You can see what that line looks like against the actual data points below.

Interactive graph — scroll to zoom, drag to pan

The line does not pass through any of the six points exactly. That is expected. It is the line that gets as close as possible to all of them together.

Now the interpretation. The slope is $5.83$ . That means for each additional hour studied, the model predicts a score increase of about 5.83 points. The y-intercept is $56.33$ . Technically, it says the predicted score for someone who studied zero hours is about 56. That prediction might not be meaningful — nobody studies negative hours and a student who studied zero might have prior knowledge — but the y-intercept is still part of the equation.
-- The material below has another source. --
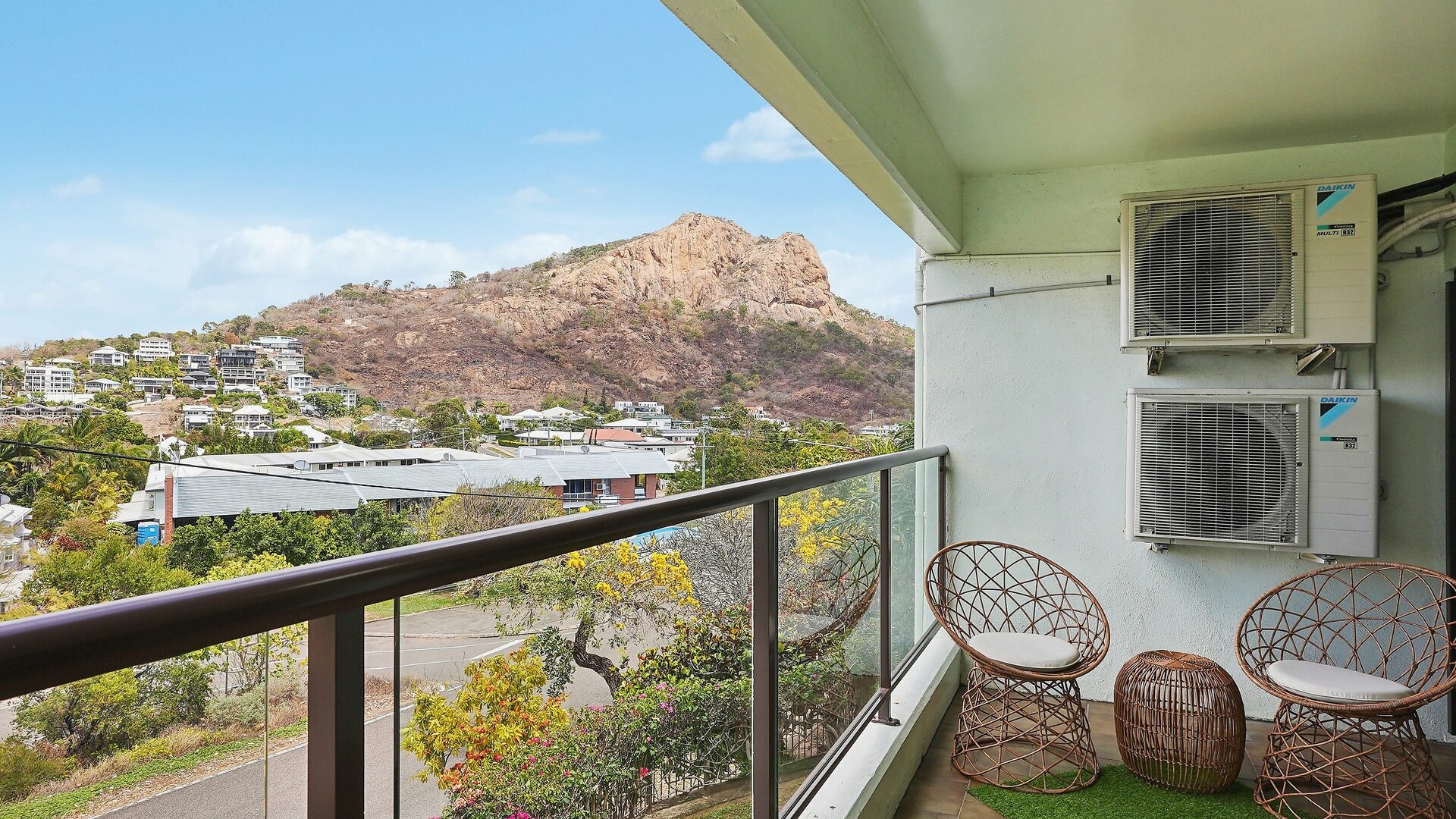 For Sale - 21/13-15 Hale Street - New Property in North Ward - Real Estate by Brad Matheson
Predicting a value using the regression line

y = 5.83x + 56.33

Start with the regression equation the calculator gave you.

y = 5.83(4.5) + 56.33

The student wants to predict a score for 4.5 hours of studying. Substitute x = 4.5.

y = 26.235 + 56.33

Multiply first.

y \approx 82.6 \checkmark

A student who studies 4.5 hours is predicted to score about 82.6 points.

The correlation coefficient $r$ measures how well the regression line fits the data. It is always between $-1$ and $1$ . A value close to $1$ means a strong positive linear relationship — as $x$ increases, $y$ tends to increase, and the points cluster tightly around the line. A value close to $-1$ means a strong negative linear relationship. A value close to $0$ means the linear model fits poorly and a line is probably the wrong shape to use. For the quiz data above, the calculator gives $r \approx 0.996$ , which is extremely strong. The line fits the data very well.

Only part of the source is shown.